Brown v. United States

458 F. Supp. 182, 1978 U.S. Dist. LEXIS 14946
CourtDistrict Court, S.D. New York
DecidedOctober 16, 1978
DocketNo. 77 Civ. 4521 (GLG)
StatusPublished
Cited by2 cases

This text of 458 F. Supp. 182 (Brown v. United States) is published on Counsel Stack Legal Research, covering District Court, S.D. New York primary law. Counsel Stack provides free access to over 12 million legal documents including statutes, case law, regulations, and constitutions.

Bluebook
Brown v. United States, 458 F. Supp. 182, 1978 U.S. Dist. LEXIS 14946 (S.D.N.Y. 1978).

Opinion

OPINION

GOETTEL, District Judge:

Kenneth Brown, in his latest post-eonviction motion, brings this petition under 28 [183]*183U.S.C. § 2255 to challenge various aspects of his convictions and sentence for conspiracy, armed robbery of postal employees and possession of stolen United States money orders. After denial of the petition by this Court, the Second Circuit remanded for consideration of petitioner’s claim that he could not properly be convicted and sentenced on the robbery counts together with the possession count. Brown v. United States, No. 77-2148 (2d Cir. June 12, 1978) (remand order). Upon further briefing and consideration of the point, the Court substantially denies the petition.

I.

Petitioner was tried on a four-count indictment.

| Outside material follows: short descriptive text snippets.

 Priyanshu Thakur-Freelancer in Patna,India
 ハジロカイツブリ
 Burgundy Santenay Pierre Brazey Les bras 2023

Count one charged him and others, under 18 U.S.C. § 371, with conspiracy to commit robbery of postal employees and to possess stolen blank money orders. Count two charged the defendants with robbery of postal employees, and count three charged them with endangering the lives of postal employees while perpetrating the robbery, both under 18 U.S.C. § 2114. Count four charged the crime of possession of blank, stolen United States money orders, under id. § 500. Brown was convicted by a jury on all four counts, and the Second Circuit affirmed without opinion.

The case was initially called for sentencing on August 18, 1976. At that time, the Court indicated its view that counsel had not adequately briefed the legal issues involved in the sentencing. Count three, the robbery of postal employees while endangering lives, carried an anachronistic mandatory twenty-five-year term. See 18 U.S.C. § 2114. Legislation was pending, however, as part of Senate Bill 1, which would have reduced the penalty to a non-mandatory maximum of fifteen years. After some colloquy, it was apparent to counsel that the Court was searching for a way to impose a sentence of more than five years, but less than twenty-five years, and the Court requested their assistance in determining how to achieve that end. Although count two provided a maximum ten-year sentence, the parties agreed that it had merged with count three, and that a defendant could not be sentenced separately on those two counts. For the same reason, it seemed doubtful that the Court could suspend sentence on count three and impose sentence only on count two. The possibility of imposing the mandatory twenty-five year term and recommending early parole was also rejected, because of substantial doubt that the parole board would follow such a recommendation.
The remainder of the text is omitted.